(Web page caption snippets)

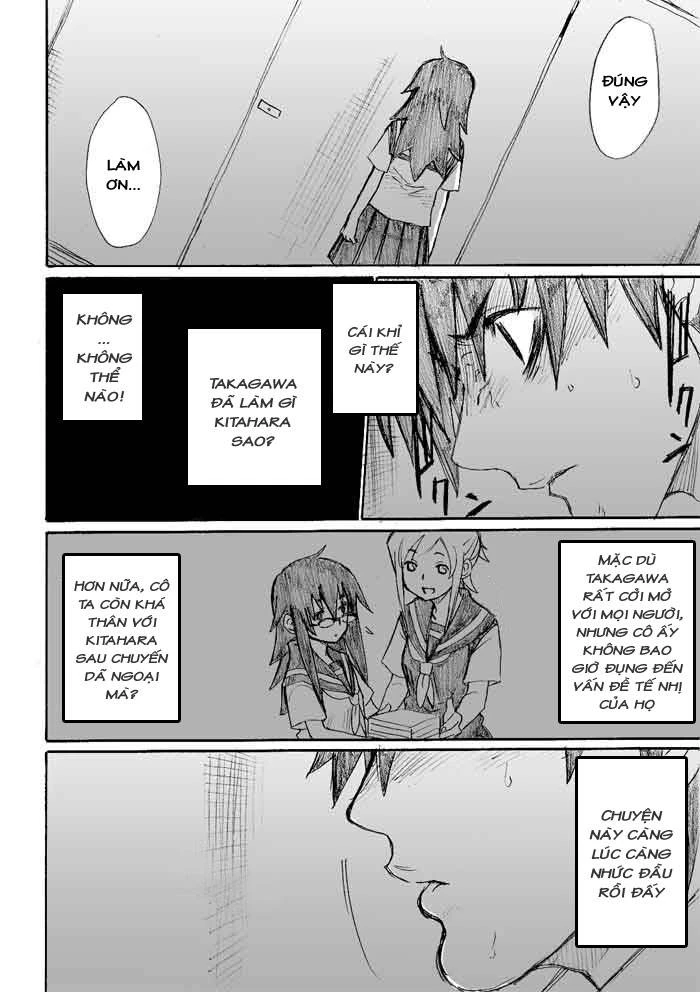 Onani Master Kurosawa Chapter 17 - Trang 3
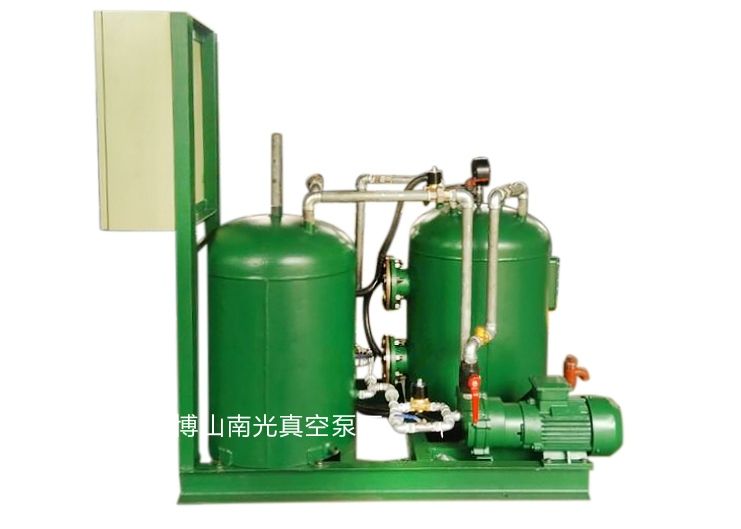 全自動真空引水機組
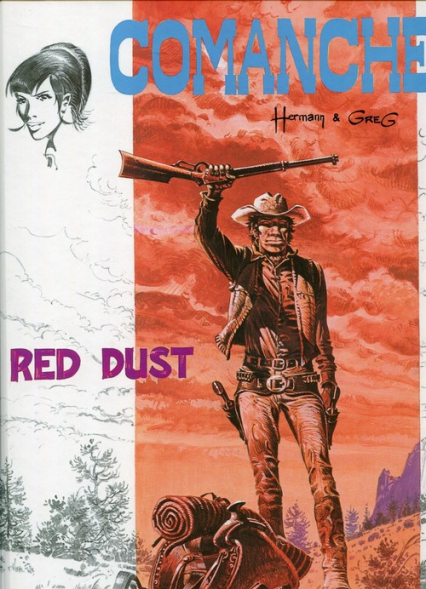Comanche 1. Red Dust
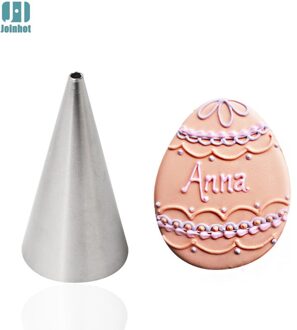 1Pcs Icing Piping Nozzles Pastry Tips Fondant Cake Decorating Gereedschap Banketbakkersroom Cake Kit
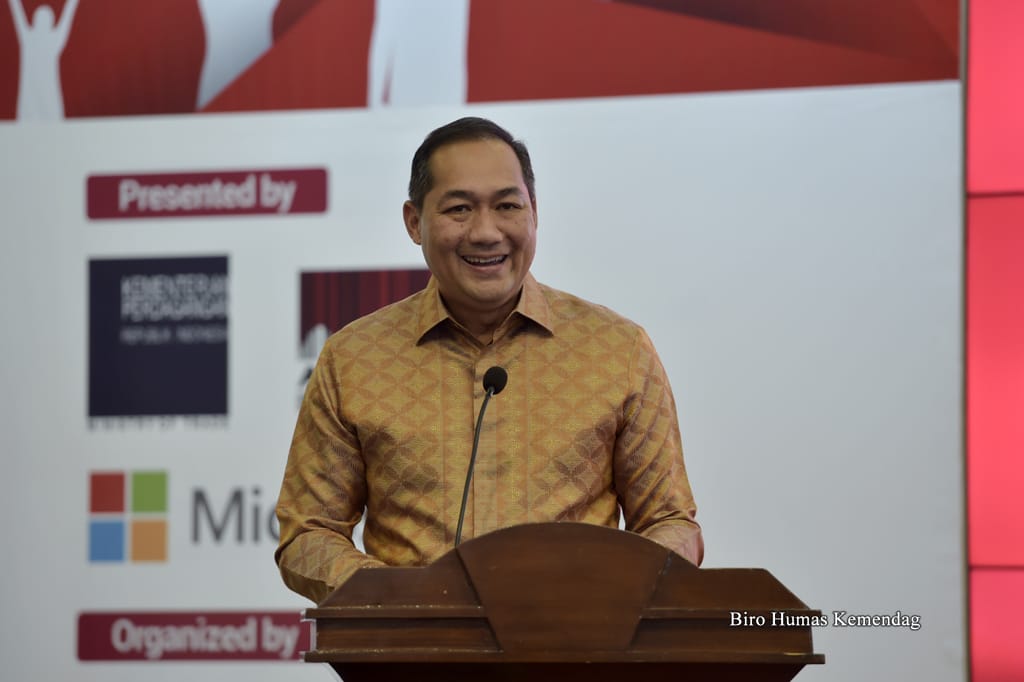 Mendag: Kukuhkan Posisi Indonesia Pusat Busana Muslim Dunia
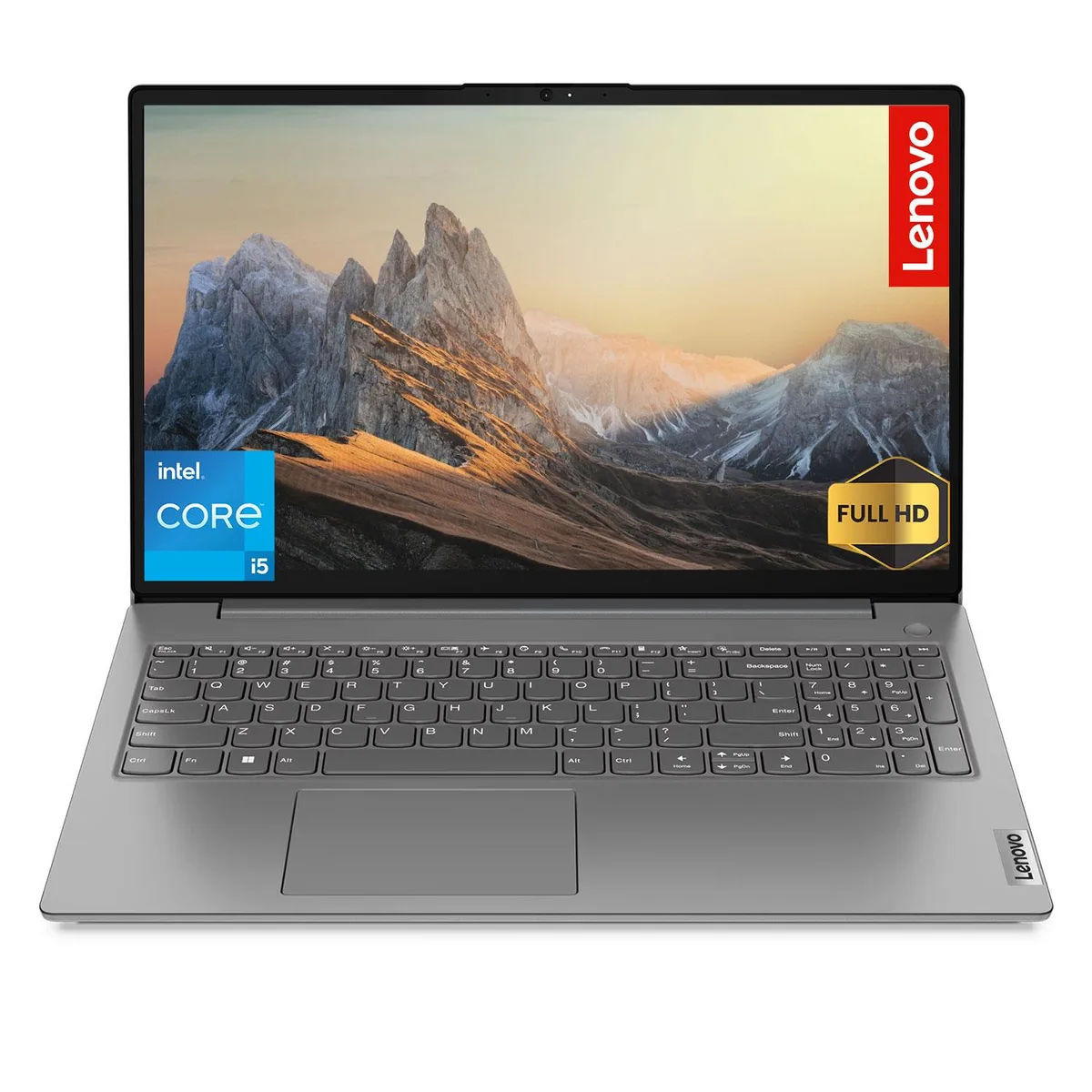 Lenovo Lenovo V15 G4 laptop i5-13420H 16GB 1TB PCIe 15.6 FHD Grey — product photo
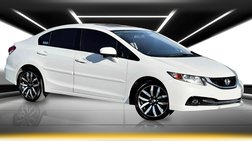 2015 Honda Civic EX-L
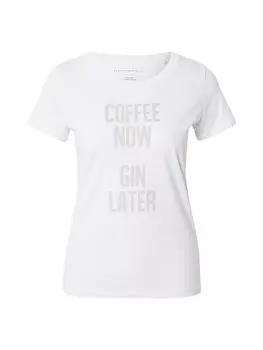 Футболка EINSTEIN & NEWTON GIN, белый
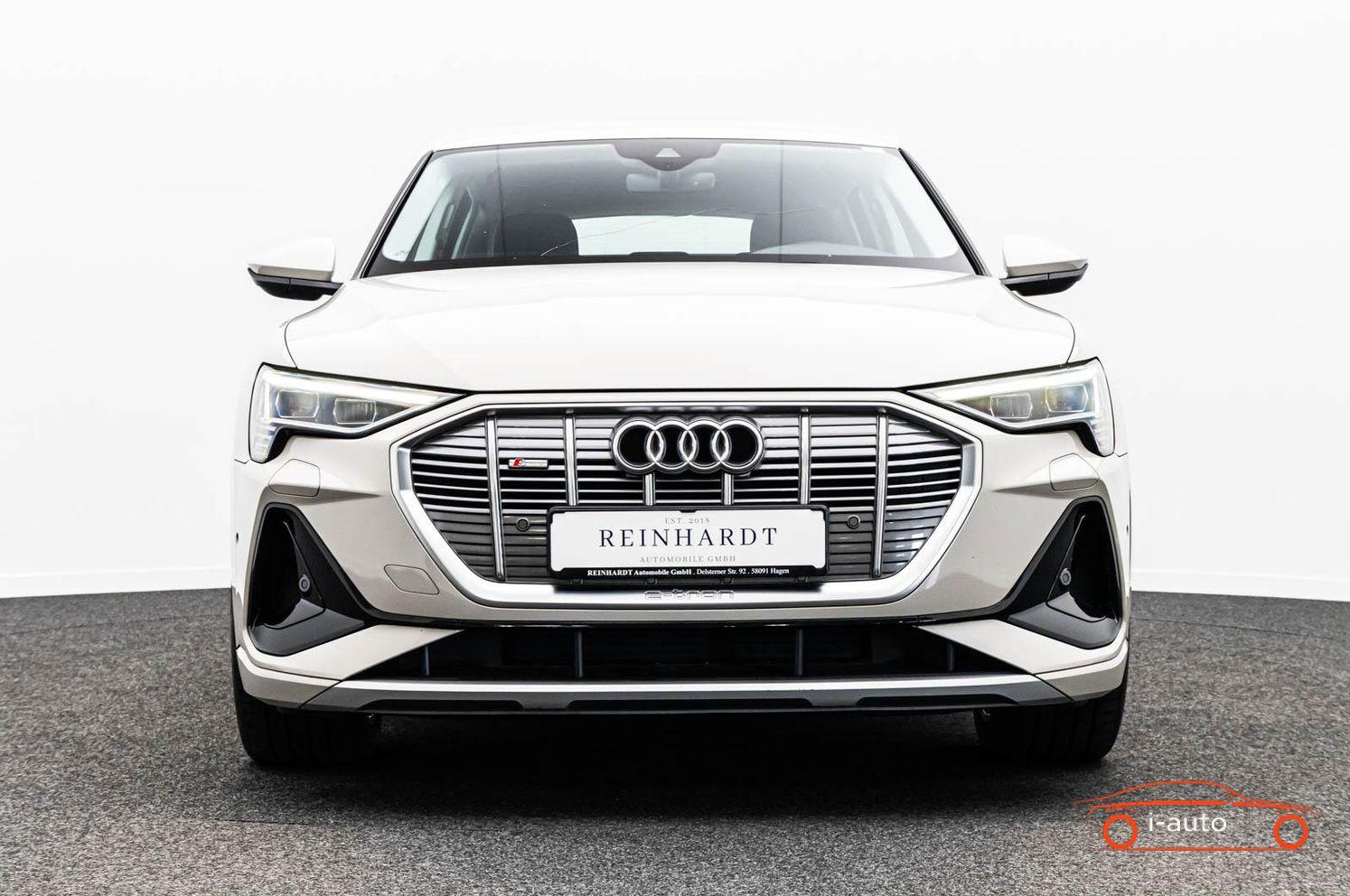 Audi e-tron 2020 na predaj – fotografia 2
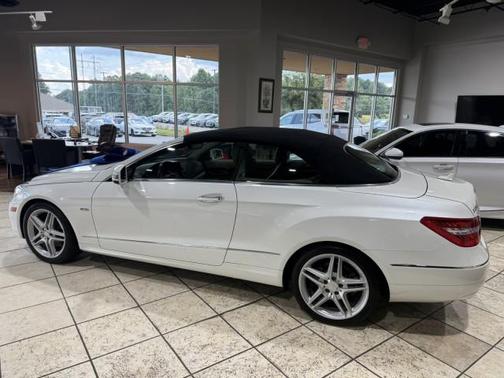 2012 Mercedes-Benz E-Class E 350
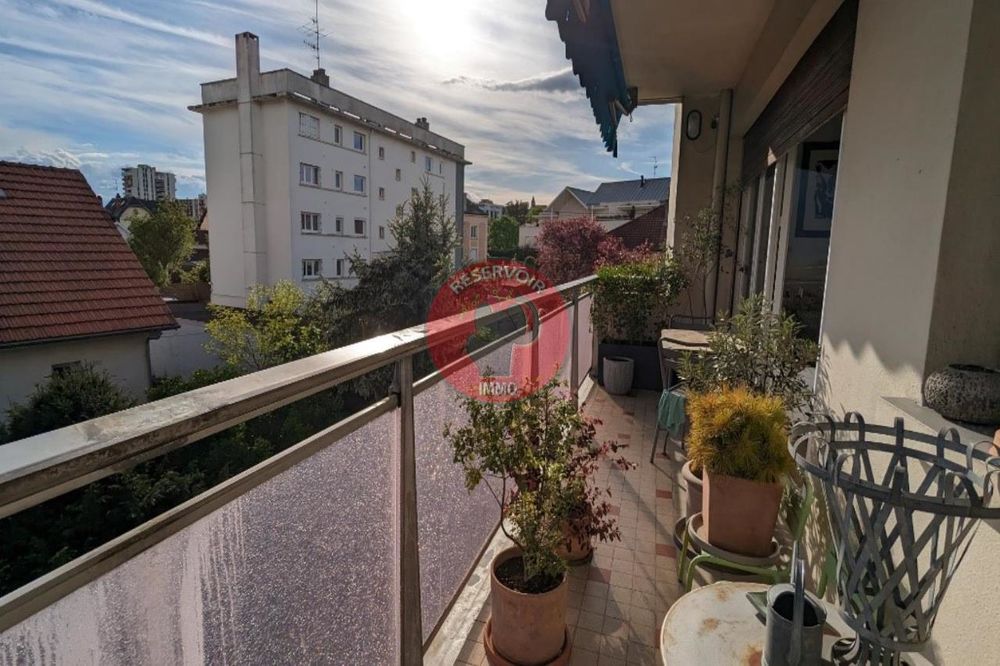 Appartement 4 pièces 85 m²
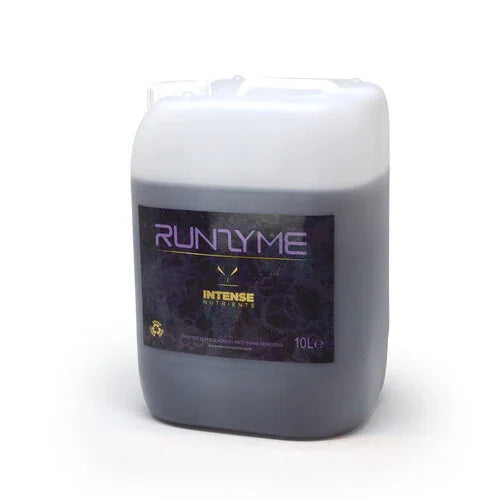 Intense Nutrients - Runzyme - 10 Litre - DiscountHydro.com - 95.95 - Intense Nutrients, Nutrients & Additives > Additives, Nutrients & Additives > Root Stimulants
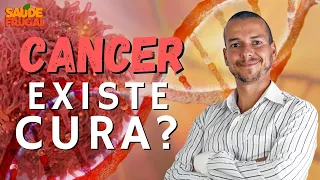 ASSISTA AGORA! A CURA DO CANCER EXISTE?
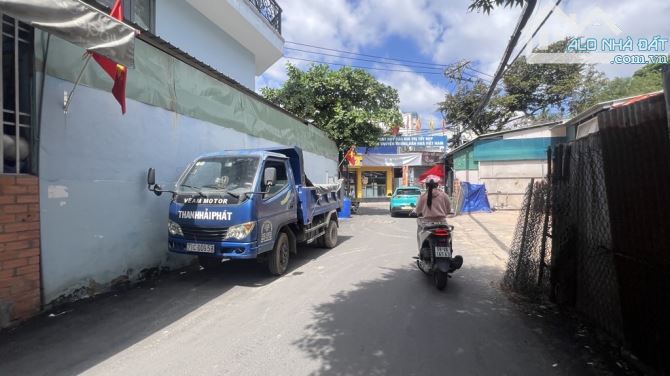 BÁN NHÀ 6 PHÒNG NGỦ, PHAN HUY ÍCH, PHƯỜNG 12, GÒ VẤP, HẺM Ô TÔ, CHỈ 7 TỶ NHỈNH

## WHAT TO DO
Transcribe, from the records above, the first line and every line after it up to and including the line with "Lenovo Lenovo V15"; omit pictures.

## WRITTEN ANSWER
 Onani Master Kurosawa Chapter 17 - Trang 3
 全自動真空引水機組
Comanche 1. Red Dust
 1Pcs Icing Piping Nozzles Pastry Tips Fondant Cake Decorating Gereedschap Banketbakkersroom Cake Kit
 Mendag: Kukuhkan Posisi Indonesia Pusat Busana Muslim Dunia
 Lenovo Lenovo V15 G4 laptop i5-13420H 16GB 1TB PCIe 15.6 FHD Grey — product photo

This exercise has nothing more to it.